Postby MrFredPFL » Sun Apr 15, 2018 11:35 pm

Story :

In 2016, Daniel Dewar and a friend founded Paperchain, a company that planned to use Blockchain technology in order to more accurately allocate the mechanical royalties that on-demand streaming services like Spotify owe music publishers. A laid-back Australian with a background in sound engineering and data analytics, Dewar figured that services could use Blockchain to validate their rightsholder information against an authoritative database.

Then he realized: there wasn’t one. The lack of such a database is what made it so hard to account correctly in the first place.

From the beginning, the inability of streaming services to accurately pay rightsholders represented an existential risk for streaming as a business model: Spotify and other companies could be liable for between $750 and $150,000 in statutory damages for each composition they stream without a license. Then it became an even bigger mess. After Spotify got hit with a class-action lawsuit – which it eventually settled for $43.45 million – streaming services began filing Notices of Intention (NOIs) with the U.S. Copyright Office for songs whose rightsholders they couldn’t identify or find. That’s what they were supposed to have done all along – doing so shields them from liability – but paying a filing fee for each notice would have added up. Once the U.S. Copyright Office changed the rules and began charging per spreadsheet instead of per composition in 2016, however, services began filing NOIs in bulk. By the end of 2017, more than 50 million NOIs had been filed – some for well-known songs like the Beach Boys hit "Surfer Girl." (It’s by Brian Wilson!) Even by music business standards, this is nuts.

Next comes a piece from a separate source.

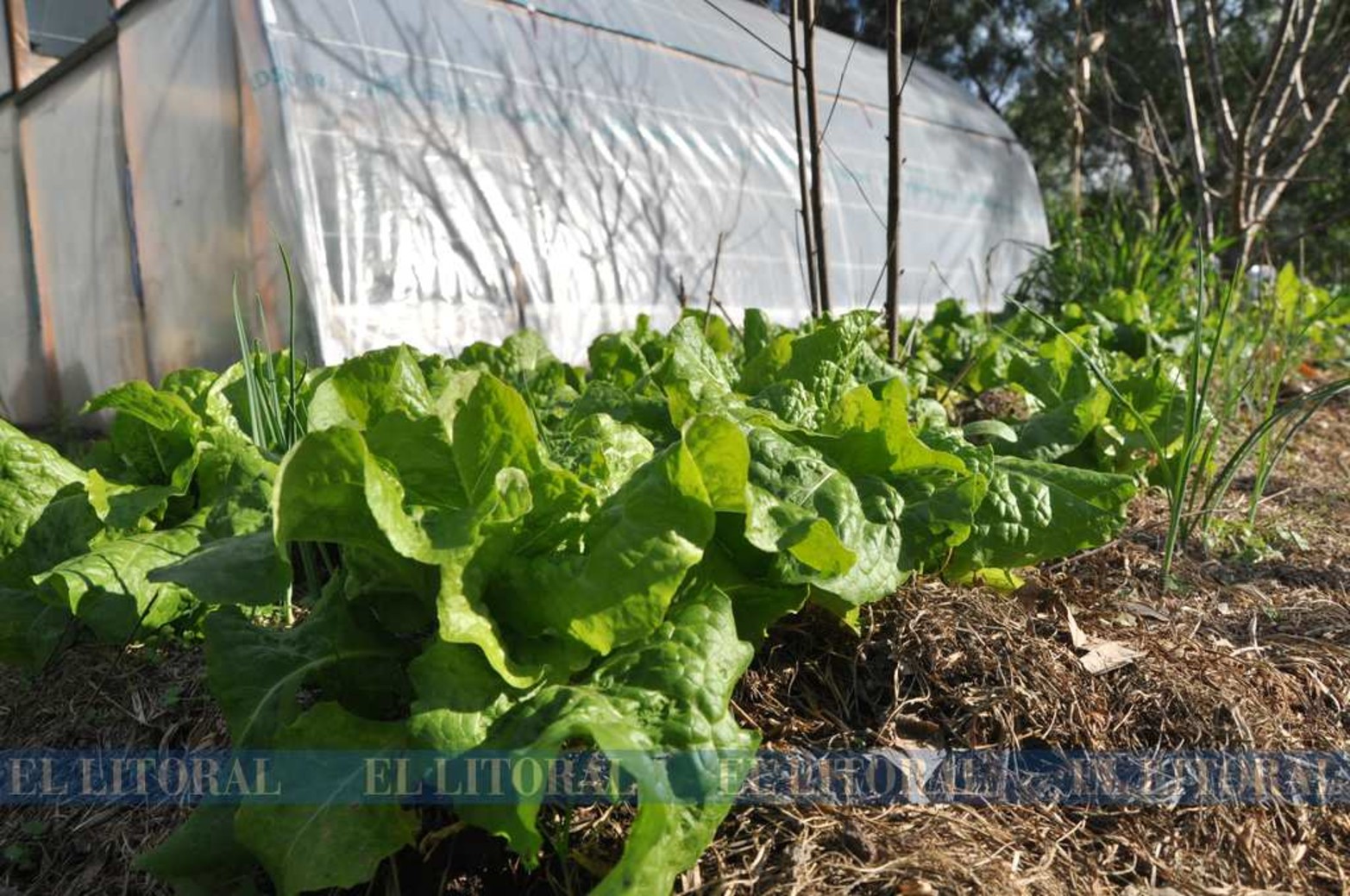 La lechuga es una de las especie que se siembra en invierno y soporta las bajas temperaturas.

By the end of 2016, Dewar changed Paperchain’s strategy. Rather than help streaming services identify rightsholders, the company would help rightsholders sort through the NOIs to find money they were owed. He wrote a program to download and query the NOIs filed with the Copyright Office, then began to study how much money all of these NOIs represented. What he found was that, although streaming services aren’t doing a very good job of matching compositions with rightsholders, the number of NOIs don’t reflect the number of compositions for which rightsholders aren’t being paid. Spotify was sloppy enough that Wixen Music Publishing filed a lawsuit for the service’s unlicensed use of music by Tom Petty, Neil Young, and other household names, and a smart intern ought to know who wrote some of the songs the service infringed. But services also seem to be filing NOIs for compositions they’re also paying for: Although Spotify filed an NOI for Ed Sheeran's "Perfect," Sony/ATV Music Publishing confirmed that the service had been paying for its use of the song. “It’s a misnomer that Spotify can’t find Ed Sheeran,” Dewar says.